Before returning the data, strip out the pictures and keep everything else exactly the same.

Raw data:
──────────

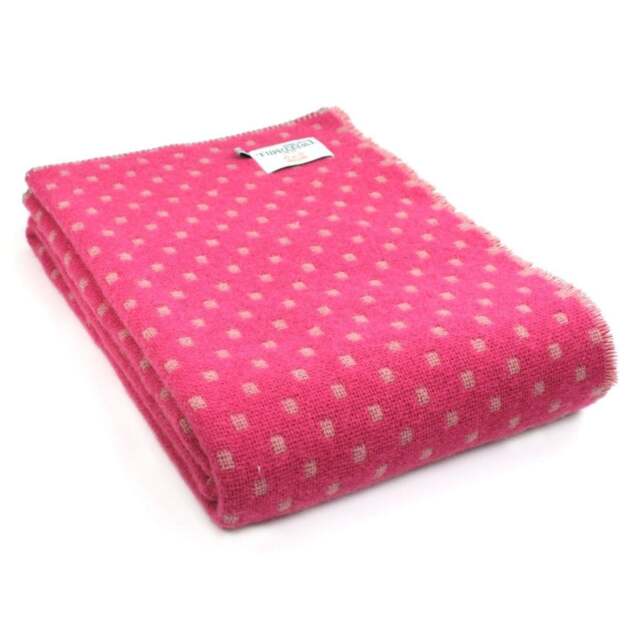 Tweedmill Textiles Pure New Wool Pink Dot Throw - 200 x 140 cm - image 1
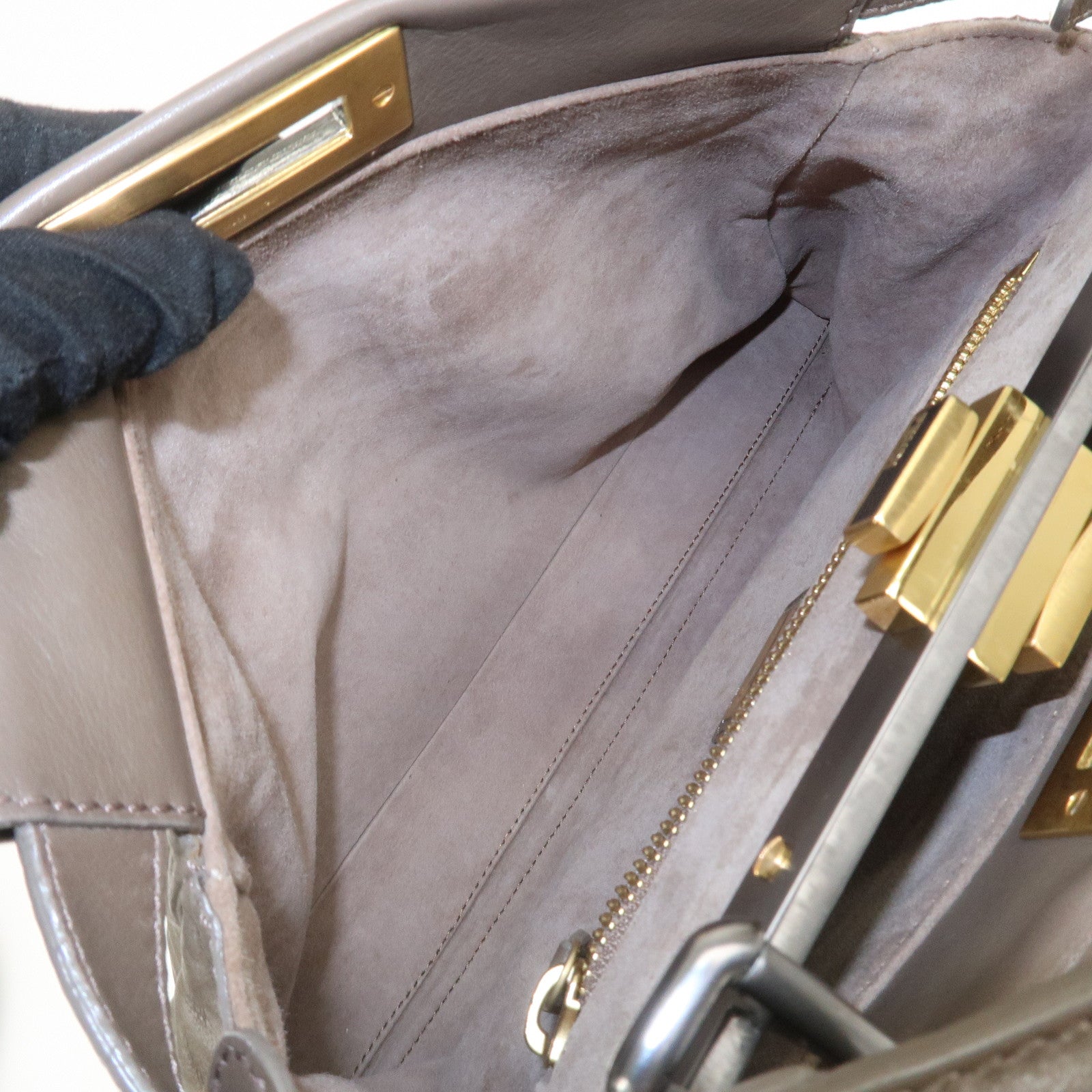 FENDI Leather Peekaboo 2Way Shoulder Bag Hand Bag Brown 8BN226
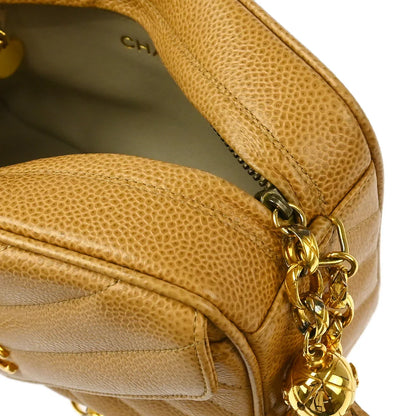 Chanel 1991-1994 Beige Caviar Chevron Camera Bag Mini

──────────

Finished task:
 Tweedmill Textiles Pure New Wool Pink Dot Throw - 200 x 140 cm - image 1
 FENDI Leather Peekaboo 2Way Shoulder Bag Hand Bag Brown 8BN226
 Chanel 1991-1994 Beige Caviar Chevron Camera Bag Mini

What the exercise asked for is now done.